-------- DATA SHOWN

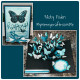 Photo Fan Pop-up - Dies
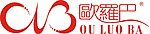 欧罗巴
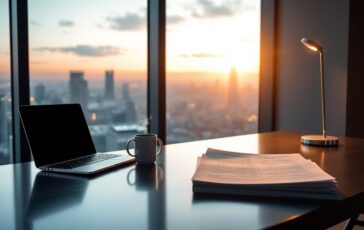 Terziario avanzato: perché è cruciale per l'economia italiana secondo Manageritalia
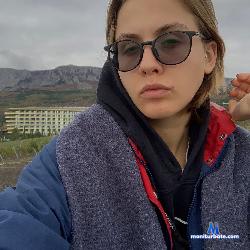 lax_raw stripchat livecam performer profile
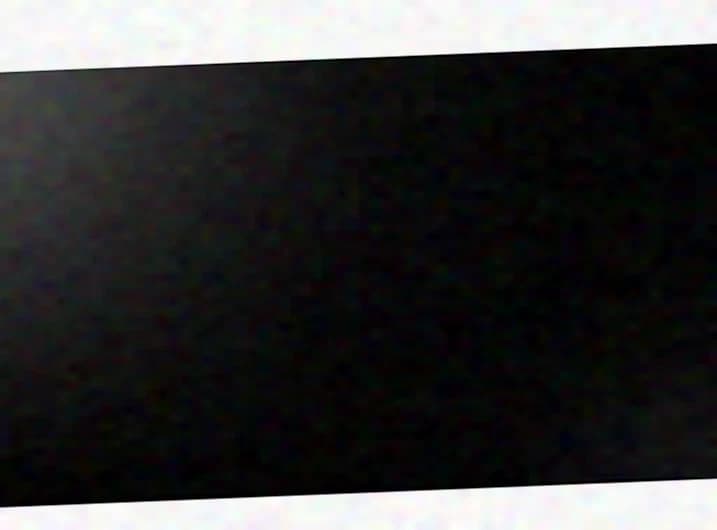 Samsung The Wall Lux IWR 4x4 MicroLED-Videowand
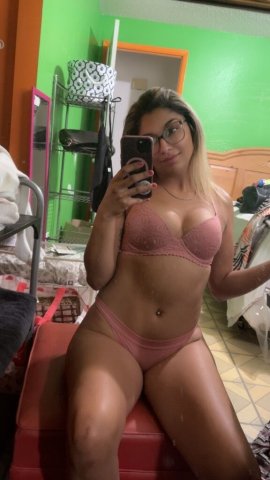 New face in town — Breezy (2 girl special) in San Rafael, CA - 1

----------------

• _YOUR GOAL_
Set down all of the data word for word; no pictures belong in it.

• _ANSWER SECTION_
 Photo Fan Pop-up - Dies
 欧罗巴
 Terziario avanzato: perché è cruciale per l'economia italiana secondo Manageritalia
 lax_raw stripchat livecam performer profile
 Samsung The Wall Lux IWR 4x4 MicroLED-Videowand
 New face in town — Breezy (2 girl special) in San Rafael, CA - 1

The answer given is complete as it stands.